Thursday, May 14, 2015

Zero Sum

In his post "How the American education system doesn't fail," David Brin responds to a Washington Post article by Fareed Zakaria. Zakaria's article warns of problems that may arise from focusing too heavily - or even exclusively - on excellence in STEM (science, technology, engineering, and mathematics) disciplines.

Brin says that Zakaria takes too pessimistic an outlook. He suggests that the breadth requirements of a four-year bachelor's degree are fairly well embedded into American culture, and aren't likely to be done away with any time soon. But the repeated pushback against "zero sum thinking" got me thinking.

In one sense, Brin is right. Spending more time studying math and science doesn't necessarily mean completely abandoning art and literature. However, the time that we spend on any one thing (such as studying math or science) is time that we are, by deduction, not spending on something else (such as studying art or literature). So in that sense, constrained as we are by the laws of thermodynamics, it IS a zero-sum game!

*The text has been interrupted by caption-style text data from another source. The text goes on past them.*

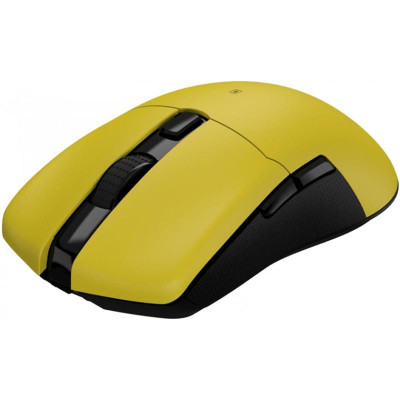 Мишка Hator Pulsar Wireless Yellow (HTM-318) USB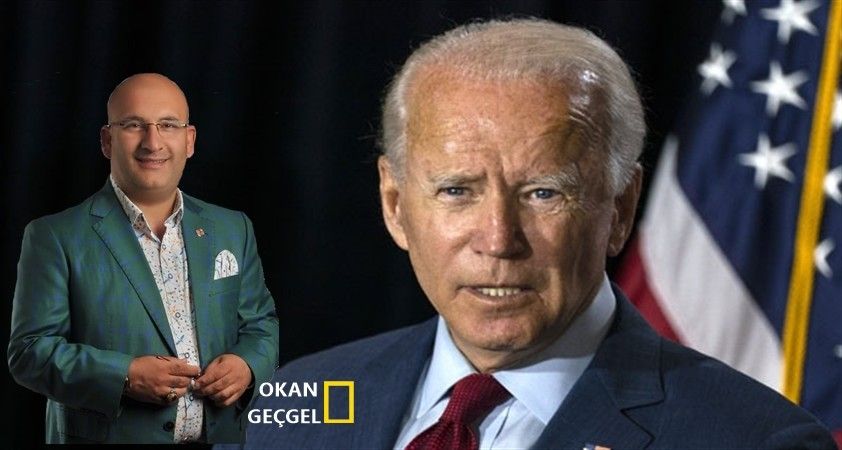 Biden, küstahlıkta sınır tanımamıştır..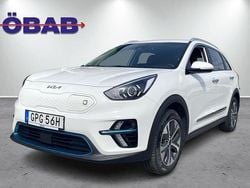 Vit Begagnad 2022 Kia e-Niro Advance SUV | 258 900 kr (Bra pris)
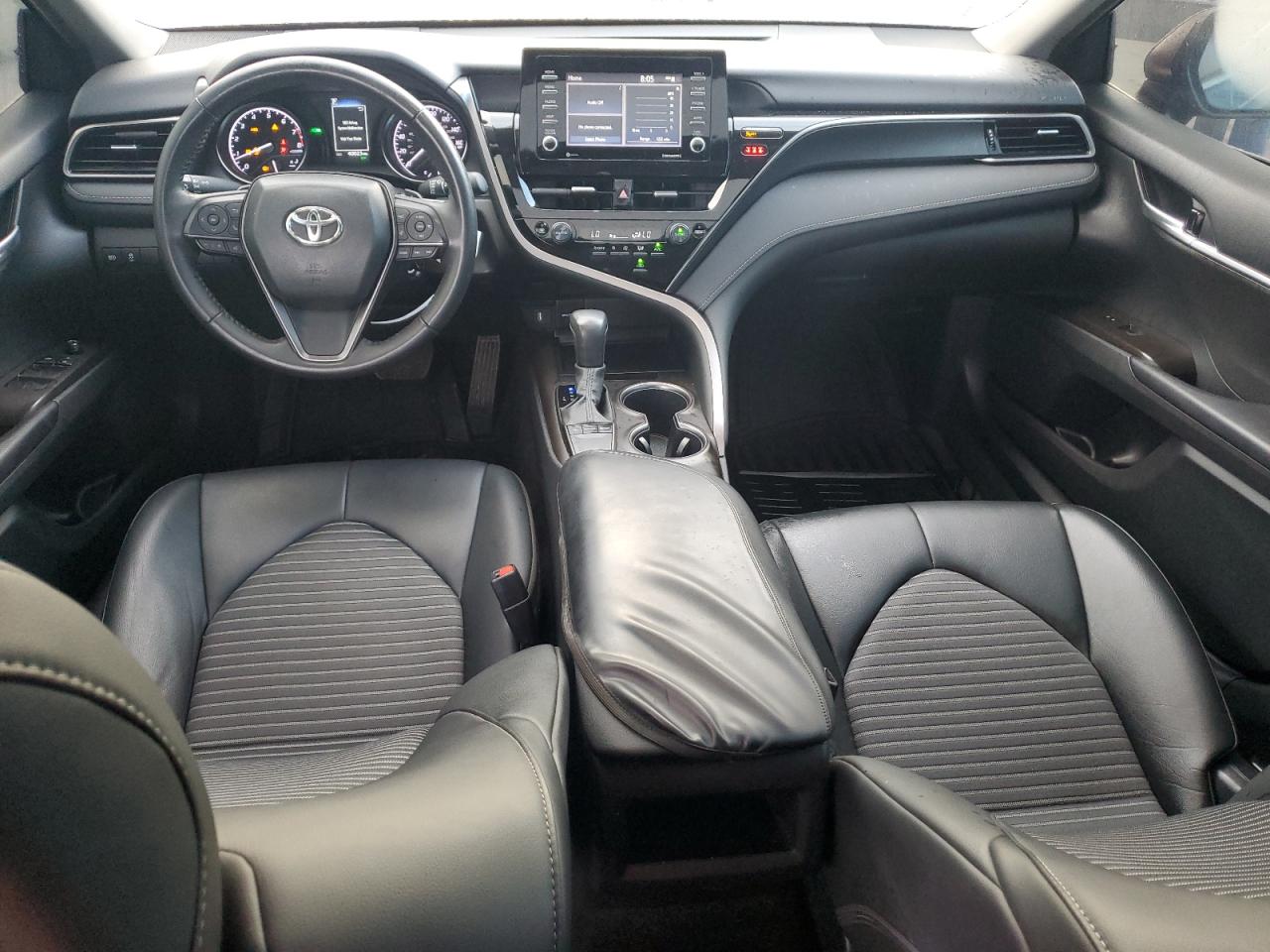 2024 Toyota Camry Se Night Shade VIN: 4T1G11AK6RU191717 Lot: 82049835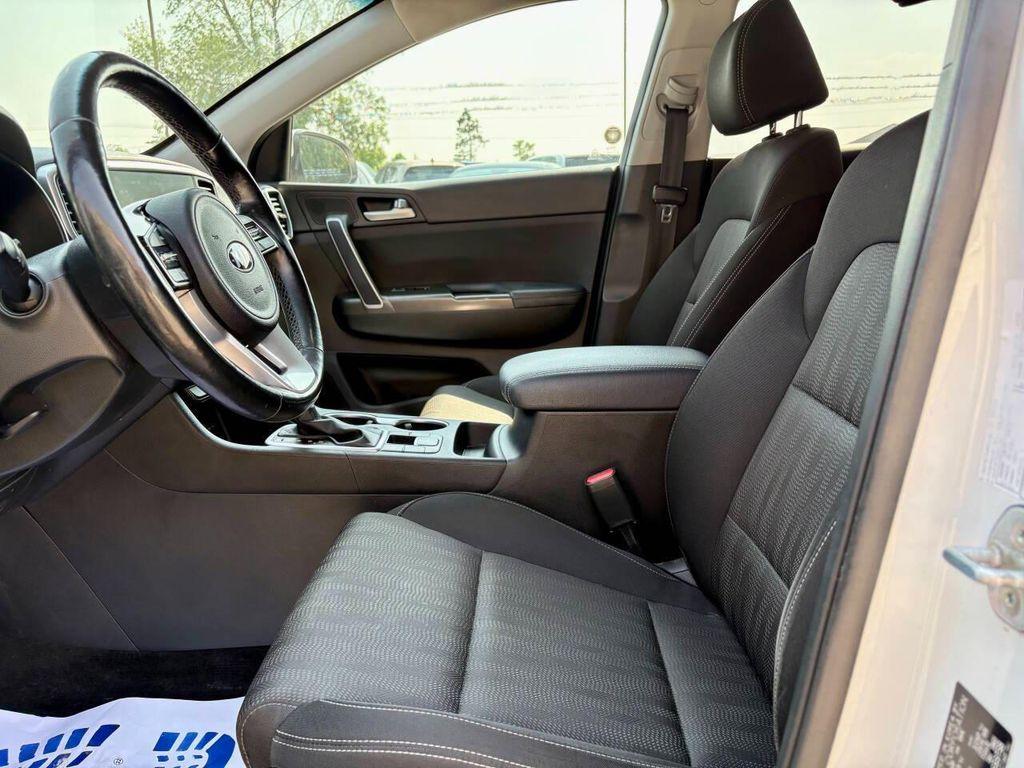 used 2020 Kia Sportage car, priced at $13,995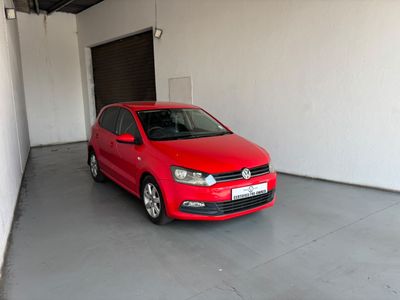 2020 Volkswagen Polo Vivo 1.4 Comfortline 5-dr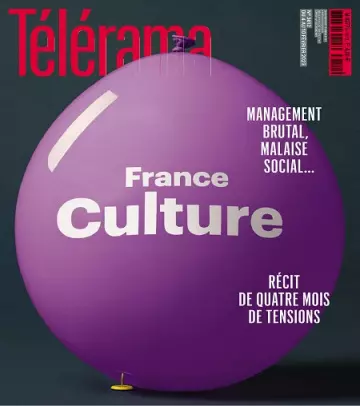 Télérama Magazine N°3812 Du 4 au 10 Février 2023 [Magazines]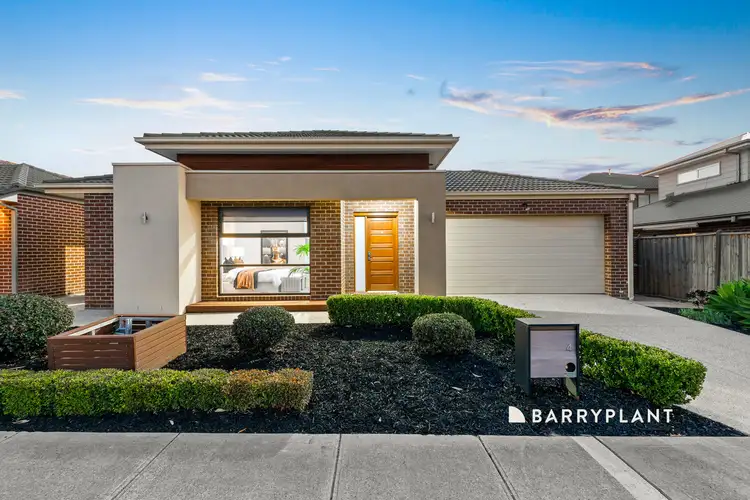 4 Faulkner Drive, Officer VIC 3809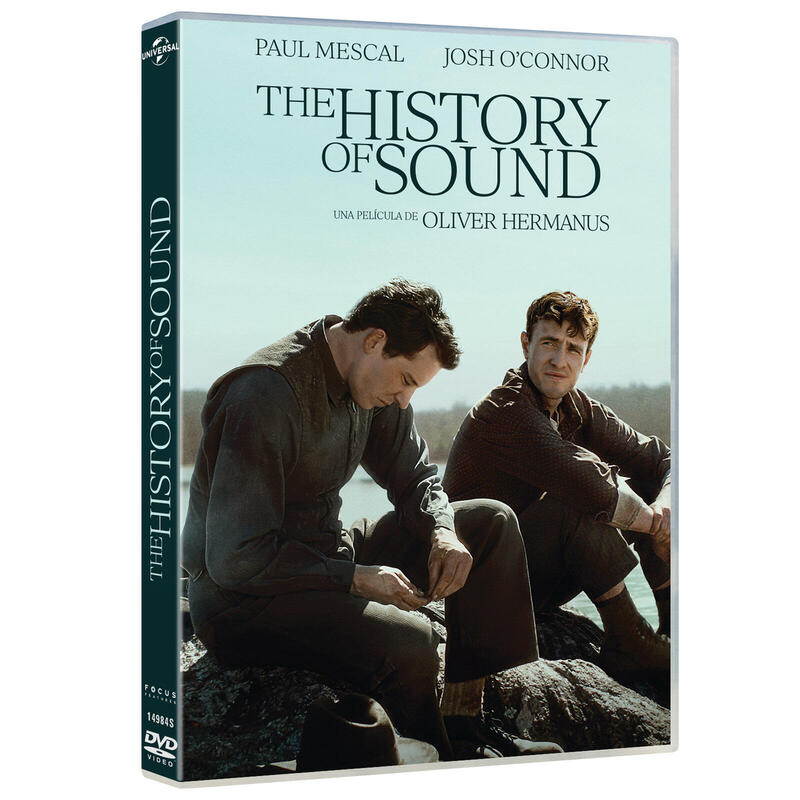 Pelicula The History Of Sound - Dvd Dvd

These are choices I have to make in my classroom as well. Choosing to teach these stories, essays, poems, etc. means that I will not have the opportunity to teach others. The time I spend to have students practice speaking in front of the class is time we are not spending on having them practice finding information in the text that supports their analysis. These decisions would be easier if I was choosing between "good instruction" and "poor instruction," but that's rarely the case. When I have to choose between two good opportunities, knowing I can't do both... that's hard. It's really, really hard.